Certains ont travaillé jusqu'à 5 heures du matin toutes les nuits
"Le groupe qui s'occupe des tifos est composé d'une base de 30 personnes, nous raconte Marco Pacini, surnommé "Pacio", et leader de la Curva Sud. Il faut des heures entières pour monter le tout. Il est évident qu'il y a des situations comme celle-là, une demi-finale de Ligue des champions, impossibles à prévoir dans nos programmes. C'est une vraie course contre le temps qui a démarré. Heureusement, nous avons toujours des idées en amont à développer." En vingt jours, un travail de deux-trois mois a été effectué, pour un montage final qui a requis une centaine de personnes.
À l'aller, l'AC Milan, qui reçoit, aura les trois quarts de l'enceinte acquis à sa cause, ce qui permet donc à la "Curva Sud" de déployer son tifo sur "trois anneaux" et dans la plupart des secteurs, comme prévu mercredi soir. Le thème ? "Même sous la torture, je ne vous le dirai pas", plaisante "Pacio". "Mais ce sera un tifo important", précise-t-il. En face, la "Curva Nord", elle, évoluera à l'extérieur et disposera donc uniquement de "son" deuxième anneau vert pour contre-attaquer.
La coreagrafia della curva del Milan per il derby n°244, Milan-Inter, Getty Images
"Nous avons dû faire un effort surhumain pour préparer les tifos en aussi peu de temps, assume Marco Ferdico, l'un des trois chefs de la Curva Nord. Certains ont travaillé jusqu'à 5 heures du matin, toutes les nuits, pour dessiner et peindre sur des parkings. En vingt jours, on a dû préparer deux tifos : un pour l'aller sur un anneau, et le deuxième plus imposant au retour. On parle de 50 personnes environ qui ont tout donné pour que tout soit prêt à temps. Et je peux vous dire que le tifo prévu au retour, c'est quelque chose de jamais-vu avant. A l'aller, ce sera de la défense en attendant d'attaquer." Les deux rencontres se joueront évidemment à guichets fermés, avec probablement un record historique de recettes pour un club italien lors de la manche retour, prévue le 16 mai.

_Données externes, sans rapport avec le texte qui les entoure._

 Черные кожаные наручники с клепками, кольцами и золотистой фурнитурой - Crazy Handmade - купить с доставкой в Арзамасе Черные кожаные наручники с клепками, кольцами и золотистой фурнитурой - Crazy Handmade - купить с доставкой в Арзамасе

Un pacte de non-violence toujours en vigueur

Entre les deux virages, la relation est qualifiée comme "bonne" par Marco Pacini. Il faut dire que le pacte de non-agression, signé à l'été 1983 après divers guet-apens et scènes d'une extrême violence, est toujours en vigueur. "Il y aura toujours de quoi les chambrer, mais l'ambiance est bonne entre nous. Ce pacte contribue à rendre unique l'atmosphère du derby de Milan", ajoute-t-il. "Je confirme qu'il y a beaucoup de respect, enchaîne Marco Ferdico. Les leaders de la Curva Sud sont des personnes que nous respectons beaucoup et avec qui nous avons les mêmes idéaux. Il n'y a que les couleurs qui nous divisent, mais ce sont des personnes qui méritent vraiment du respect. Milan reste quand même l'équipe que nous détestons le plus, plus encore que la Juve, car c'est l'équipe avec qui nous partageons la ville et qui a gagné beaucoup de trophées. Mais la haine est réciproque, car nous aussi nous avons eu nos moments de gloire."
Dans le reste du stade, il est de coutume de voir les tifosi se mélanger dans une ambiance plus que bon enfant. Famille, amis, couples : tous viennent bras dessus bras dessous pour assister au derby. Pas vraiment le cas ailleurs, de Rome à Turin, en passant par Vérone ou Gênes. "Milan, c'est le derby du monde", résume "Pacio". "C'est le match des matches, s'enthousiasme son compère nerazzurro. Il n'y a aucun derby au monde qui a cette valeur. On est sur le niveau de Boca-River Plate, mais on parle là d'un football plus pauvre. Ici, c'est un football européen et riche. Et puis aucune ville n'a notre palmarès, il ne pouvait pas exister plus beau match que celui-là en demi-finale de C1. Notre spectacle dans les tribunes ? Personne ne l'a. Notre stress avant ces matches ? Personne ne l'a. Nos coupes remportées ? Personne ne l'a. Le plus grand spectacle du monde, c'est ici à Milan."
La coreagrafia della curva dell'Inter per il derby n°244, Milan-Inter, Getty Images
Mercredi, les noms d'oiseaux vont toutefois fuser entre les deux virages, tous deux remplis à ras bord. "C'est d'ailleurs un problème, certains tifosi vont parfois dans le virage alors qu'ils ont un billet dans un autre, et cela oblige certaines personnes à se mettre sur les escaliers outre une question évidente de sécurité. Nous essayons d'être plus fermes lors des contrôles", précise-t-on à l'AC Milan.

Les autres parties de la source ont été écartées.